- Education: National and Kapodistrian University of Athens; UCL;
- Occupation: Research scientist
- Employer: Berkman Clein Center at Harvard University

= Vicky Charisi =

Spanish researcher on human-robot interaction

Vicky Charisi (Vasiliki Charisi) is a research scientist at the Berkman Klein Centre, Harvard University, known for her work on the interaction between artificial intelligence and human behaviour.

Charisi's research focuses on the impact of artificial intelligence, and robotics on child development.

== Biography ==

=== Education ===
Charisi attended the National and Kapodistrian University of Athens, Greece, where she earned a Bachelor's Degree in Musicology. She has also earned a Master's degree in Instructional Design, Didactics, and Evaluation.

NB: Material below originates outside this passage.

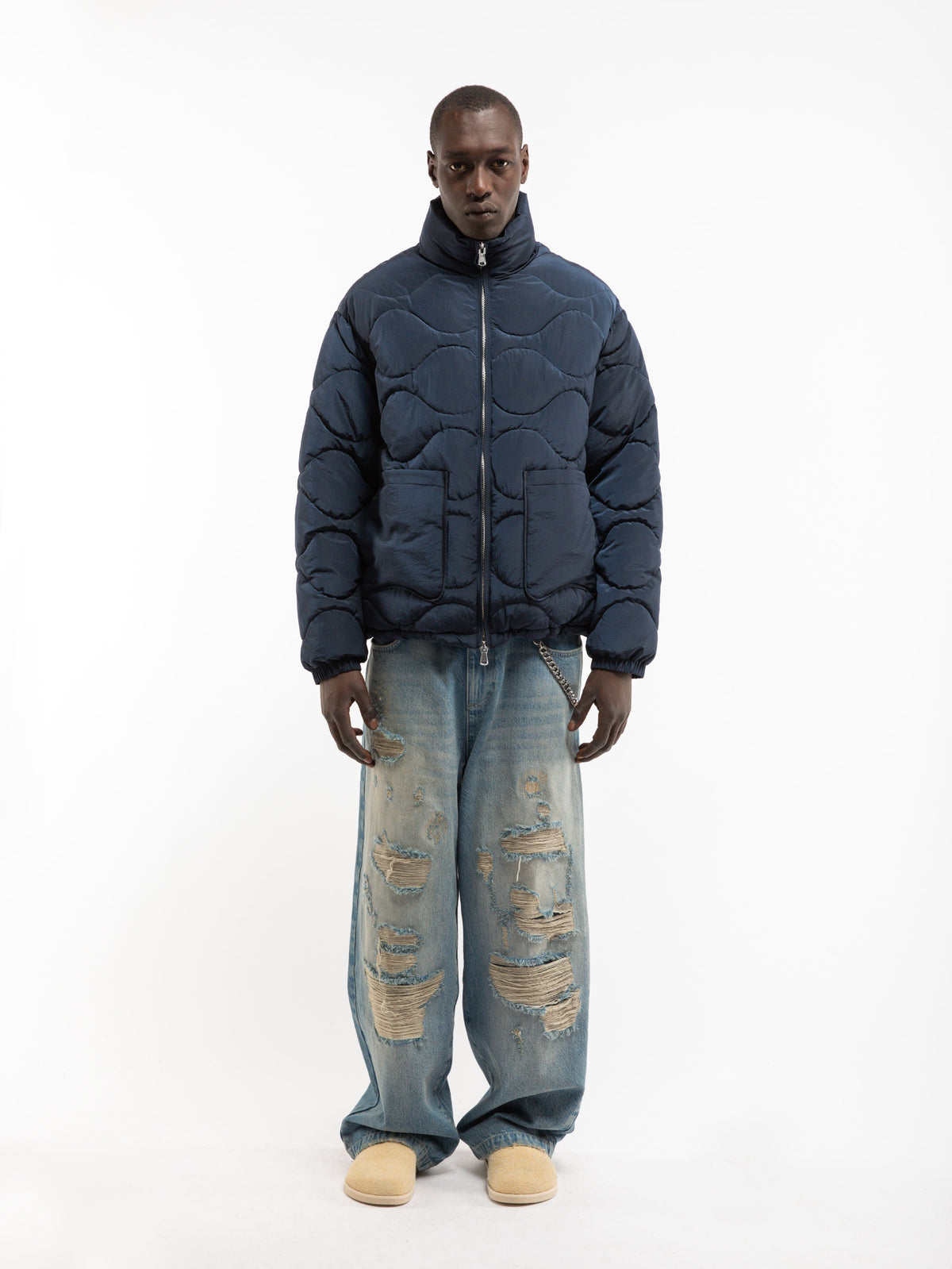 MAISON QUILTED PUFFER JACKET - BLUE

Charisi completed her PhD at UCL, Institute of Education.

=== Career ===
Charisi currently works as a research scientist for the Berkman Clein Center at Harvard University. She has been involved with the Joint Research Centre of the European Commission where she has worked on science policy for AI and children's rights, and is currently researching AL for educational purposes, and the researching the policy and industry implications of this technology.

Charisi is the Task Force Vice Chair of the IEEE Cognitive and Development Systems' Task Force on Human-Robot Interaction. This task force was established to bring together to create a network for stakeholders working on human-robot interaction in context of developmental robotics.